David E. Petzal from Field & Stream had this to say on his blog sponsored by F&S.

February 22, 2007
ZUMBOMANIA: David E. Petzal's take on the Jim Zumbo fiasco
In case you just emerged from a coma and have not heard, the shooting world is agog over a blog posted by Jim Zumbo, former contributing editor at Outdoor Life, over the weekend of February 17. In it, Jim stated that any semiauto rifle with an AR or AK prefix was a terrorist rifle, had no place in hunting, and should be outlawed for that purpose. Then, courtesy of the Internet and all its blogs and chatrooms, the roof fell in.

The speed with which Zumbomania spread, the number of comments it drew, and the rabid nature of same were a revelation. Overnight, this thing became as big as Janet Jackson's clothing failure or-dare I say it?-Britney Spears' shaved head. Jim Zumbo is now as employable as the Unabomber, and Sarah Brady will no doubt adopt his comments to her own gun-control purposes.

For the last several days I've been visiting all manner of blogs and chatrooms, which has reminded me of when I used to deliver used clothing to the local mental hospital. I've tried to make some sense of it all, but because the waters are still full of blood and body parts continue to rain from the sky, I haven't come up with any Great Truths. Lacking that, here are some Lesser Truths.

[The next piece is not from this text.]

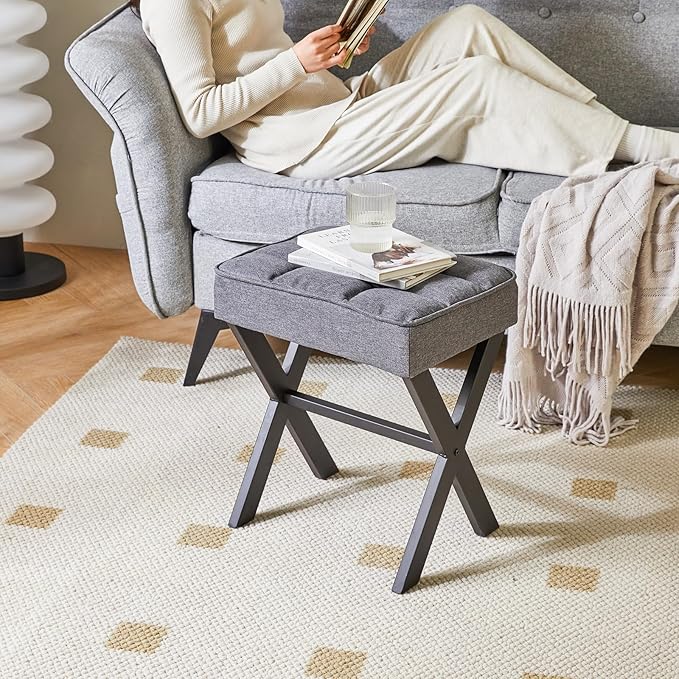 IBUYKE Square Makeup Stool with X-Leg Foot Rest, Linen Footrest, Ottoman Seat, Multi-Use as Small Side Table, for Bedroom, Living Room, Dark Gray LG-70G-DeskLoop Office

What Jim said was ill-considered. He's entitled to his beliefs, but when a writer of his stature comes out against black guns, it sure as hell does not help our cause.

Even so, Jim made an immediate apology. He did not equivocate, or qualify, or make excuses. He acted like a gentleman and said he was wrong, and he was sorry. Apparently this is not enough anymore. We now live in the era of one strike and you're out.

For 40 years, Jim has been a spokesman and ambassador of good will for hunting. Through his tireless efforts as a teacher and lecturer on hunting and hunting skills, he has done more for the sport than any 250 of the yahoos who called for his blood.

Jim has paid dearly for what he said. He has lost his blog and his association with Remington. Cabela's has suspended its sponsorship of his TV show; and Outdoor Life has accepted his offer to sever ties. To all the chatroom heroes who made him unemployable, I have a word of warning: You've been swinging a two-edged sword. A United States in which someone can be ruined for voicing an unpopular opinion is a dangerous place. Today it was Jim's turn. Tomorrow it may be yours.

If Sarah Brady is smart-and she is very smart-she will comb through the same blogs and chatrooms I've been reading, excerpt some of the most vicious and foul-mouthed entries, print them up, and distribute them to Congress. Then it will be interesting to see how the men and women who wrote that stuff enjoy seeing their efforts being put to use by every anti-gunner in America.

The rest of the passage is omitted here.